Bucharest: Ready for a post-Soviet future


Len Rutledge finds that Bucharest now welcomes all visitors

"There is no such thing as vampires," I'm told on my first afternoon in Bucharest, Romania. "Dracula is our country's biggest brand, but he is fake." My wife and I had not come to Bucharest to find vampires. In fact, we were uncertain why we had come but a few days later it was clear. We had come to see a place once known as the "Paris of the East" which had suffered badly under five decades of communism but was now re-emerging as a welcoming place for all visitors.

Bucharest is unlikely to win any awards for beauty or style, but it surprised us with its cosmopolitan vibe and energy. Although much of Romania's capital was bulldozed by the communists, the old town survived and is abuzz with bars, cafes and restaurants.

Nicolae Ceausescu, the megalomaniacal ruler for many years, ripped out a huge area of the historical centre — 30,000 houses, schools, and churches — to create his dream city with wide boulevards, stone-faced apartment blocks, and gurgling fountains modelled, it is said, on Pyongyang, North Korea. That is still there but thankfully so too are some wonderful art nouveau buildings, ancient churches and monasteries, lush parkland, lakes and elegant boulevards.

Romania joined the EU in 2007, but it is not in the Euro zone. Instead we changed our money to Romanian lei, and received a pleasant surprise with the result. That is another reason to stay longer than planned.

We started our sightseeing by visited the indisputably jaw-dropping Palace of the Parliament, a gargantuan concrete folly and an embodiment of communist-era might. Ceausescu bled the nation dry to erect the second-largest building in the world (after the Pentagon) and the huge annual maintenance bill is still a drain on resources. It finally opened in 1994 — five years after Ceausescu was executed in a bloody revolt.

We toured in a small group through a fraction of the 1100 rooms. Most are empty to this day but the ones we saw were lavishly decorated. Finally, we moved on to the balcony in Union Hall to take in the view down Unirii Boulevard.
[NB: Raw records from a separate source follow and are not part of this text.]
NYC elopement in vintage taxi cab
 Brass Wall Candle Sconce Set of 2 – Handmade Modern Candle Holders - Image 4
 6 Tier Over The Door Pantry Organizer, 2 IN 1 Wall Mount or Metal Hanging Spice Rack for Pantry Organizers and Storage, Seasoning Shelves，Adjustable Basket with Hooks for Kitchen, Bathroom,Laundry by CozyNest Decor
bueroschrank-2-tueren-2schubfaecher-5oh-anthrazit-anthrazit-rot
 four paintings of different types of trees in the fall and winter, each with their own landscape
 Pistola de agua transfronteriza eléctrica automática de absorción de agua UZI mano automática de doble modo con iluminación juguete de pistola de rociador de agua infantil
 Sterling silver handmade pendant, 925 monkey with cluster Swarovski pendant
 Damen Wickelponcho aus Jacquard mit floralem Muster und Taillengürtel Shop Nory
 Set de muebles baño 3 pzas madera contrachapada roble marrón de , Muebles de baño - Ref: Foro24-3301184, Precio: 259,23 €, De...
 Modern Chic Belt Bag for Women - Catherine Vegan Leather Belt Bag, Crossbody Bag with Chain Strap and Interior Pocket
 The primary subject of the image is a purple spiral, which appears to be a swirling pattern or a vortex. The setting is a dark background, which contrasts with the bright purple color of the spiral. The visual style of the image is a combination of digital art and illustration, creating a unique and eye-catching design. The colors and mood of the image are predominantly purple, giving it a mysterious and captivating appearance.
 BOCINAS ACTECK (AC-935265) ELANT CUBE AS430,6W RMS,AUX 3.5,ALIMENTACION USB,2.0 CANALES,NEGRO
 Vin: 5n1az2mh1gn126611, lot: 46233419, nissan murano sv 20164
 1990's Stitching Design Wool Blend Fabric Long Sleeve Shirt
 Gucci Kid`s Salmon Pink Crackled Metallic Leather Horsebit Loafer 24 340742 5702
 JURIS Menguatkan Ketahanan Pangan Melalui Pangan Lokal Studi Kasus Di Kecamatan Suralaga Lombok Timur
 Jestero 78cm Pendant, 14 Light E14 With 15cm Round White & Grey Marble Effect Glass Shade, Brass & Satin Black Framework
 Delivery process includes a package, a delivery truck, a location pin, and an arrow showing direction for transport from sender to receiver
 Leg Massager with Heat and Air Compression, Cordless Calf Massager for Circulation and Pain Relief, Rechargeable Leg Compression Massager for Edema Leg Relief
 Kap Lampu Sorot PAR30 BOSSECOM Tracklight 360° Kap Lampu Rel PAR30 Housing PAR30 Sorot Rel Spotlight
To visit, you need to have your passport with you and there is high security.

Palace Square was where in 1989, Nicolae Ceaușescu realised that the 80,000 people that had gathered had not come to hear his speech but to start a revolution. He began to deliver his speech but he was quickly airlifted by helicopter from the roof top. He and his wife were executed three days later and the square was renamed Revolution Square.

Around the square are the tall white Memorial of Rebirth Obelisque, the former Royal Palace which is now the National Museum of Art of Romania, and the mid-19th century Roman Athenaeum opera house where the Romanian Philharmonic Orchestra plays.

The National Museum of Art is separated into a European Gallery, with an impressive quota of old masters, and a National Gallery of Romanian art. Just north, the Roman Athenaeum is arguably the most beautiful building in town, and it's worth visiting to sample its acoustics and to gawk at its opulence. This building is a Romanian symbol and appears on a 5 Lei note.

Art of a different kind is seen on the streets. There seems to be graffiti everywhere but as one local put it," They're just buildings being 'spruced up' with graffiti."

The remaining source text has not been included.